Friday, October 12, 2007

Shanghai Deal #12

You have to wonder sometimes. It is the Bermuda Bowl, finals. Best in the world.

Opener: AKJxx-J9xxx-void-QJx
Responder: x-Q10x-AQxx-AKxxx

The contracts? USA I tried 6C, down three tricks. Norway also tried 6C, but down five.

Are these people insane?

The auction for Norway seemed logical enough, at the start. Opener tried a 1S opening, very sane. Responder, appropriately, bid 2C. I like that. Opener introduced the hearts, 2H, a good second bid. Responder bid 2NT, which makes sense. Opener now bid 3C. So far, all of this seems rather normal.

Responder now bid 3D. This might have been misunderstood, but I'm not sure how. Maybe Opener thought that this was a waiting bid? Anyway, Opener rebid the hearts, perhaps taken as a cuebid? The follow-up of a 3S call by Responder with a stiff and a 4H call from Opener with Jxxxx boggles my mind. Responder, with this interesting start, leaped to the slam with no void in hand. Sick.
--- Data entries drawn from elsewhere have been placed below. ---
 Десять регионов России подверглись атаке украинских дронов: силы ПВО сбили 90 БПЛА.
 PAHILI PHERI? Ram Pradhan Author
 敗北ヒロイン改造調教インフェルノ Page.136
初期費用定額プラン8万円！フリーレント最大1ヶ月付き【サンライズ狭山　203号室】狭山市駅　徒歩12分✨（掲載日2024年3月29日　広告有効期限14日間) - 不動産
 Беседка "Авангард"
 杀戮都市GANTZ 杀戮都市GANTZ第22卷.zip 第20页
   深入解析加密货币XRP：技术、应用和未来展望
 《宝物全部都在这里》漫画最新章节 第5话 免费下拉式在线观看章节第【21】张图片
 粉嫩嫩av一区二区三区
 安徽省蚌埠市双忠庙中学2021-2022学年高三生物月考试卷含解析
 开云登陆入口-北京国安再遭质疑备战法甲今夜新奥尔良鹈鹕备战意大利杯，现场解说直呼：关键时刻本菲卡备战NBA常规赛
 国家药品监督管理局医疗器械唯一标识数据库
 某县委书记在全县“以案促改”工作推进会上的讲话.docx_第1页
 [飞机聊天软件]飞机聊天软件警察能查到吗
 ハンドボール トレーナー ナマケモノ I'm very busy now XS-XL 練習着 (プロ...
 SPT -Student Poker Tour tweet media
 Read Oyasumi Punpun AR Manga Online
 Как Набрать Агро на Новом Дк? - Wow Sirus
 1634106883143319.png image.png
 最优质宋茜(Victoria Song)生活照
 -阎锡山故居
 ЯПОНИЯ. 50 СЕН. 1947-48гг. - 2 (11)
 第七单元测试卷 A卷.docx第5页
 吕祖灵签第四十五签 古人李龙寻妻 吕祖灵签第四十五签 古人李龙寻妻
OK, what about USA I? The start through 3D was identical. However, this was doubled and redoubled. This redouble advertises an obvious void, I would imagine, when Responder is looking at the Ace. So far, this makes sense. Responder now shifts tactics to bid 3H, apparently taken as support (he did have support), as opposed to a cuebid.

Anyway, Opener could not stand this and raised hearts. Again, this might make sense. It depends on what 3D showed. West, liking his hand for relatively good reason, decided to ask for Aces. This is apparently an innovation that Norway has yet to pick up. So, Opener, looking at the greatest piece of junk he could have, contextually, having already shown the void in diamonds, leaped to 6C to restate that fact and force the slam. Who needs better than Jxxxx in hearts, anyway?

Quite embarrassing.

I'm not sure why 3D makes sense, personally. I would expect that a 3D call should agree clubs absolutely. If you want to keep hearts in focus, bid 3H.

But, if you are comfortable focusing clubs, fine. Bid 3D. If that happens, though, Opener must respect that and allow the contract to play in clubs unless we back out later.

This reminds me of the "problem" faced by many folks of the 1S-2H-2H-3S auction. Hearts are agreed, period. No switching back and forth, or you end up in 6C down three or five in front of a world audience.

Lesson #1 for cuebidding -- agree on parameters for when a suit is agreed, how you bail out in a major if a minor was agreed, and what calls mean when a minor is agreed. For me, the use of an out-of-focus RKCB (1430) for minors means that one of the majors may well be "in focus." Here, hearts will be "in focus." So, after the 3D call and lots of club-focused discussion, someone might show unexpected heart length and interest in a stop by bidding 4H, but a 3H call is unambiguously a cue.

I checked on the Venice decisions by the ladies. One team bid to 4H, a sane contract. The others made the very poor decision to defend 3D and let that make for a horrible result, but at least no bizarre 6C contracts by the ladies.

The Seniors split the ticket, USA opting for that club slam again.

So, If I do my math correctly, half of the world class field decided that 6C was a great contract to try on these hands. Not really -- rather, half of the world class field apparently cannot deal with this sequence. Anyone else have the willies???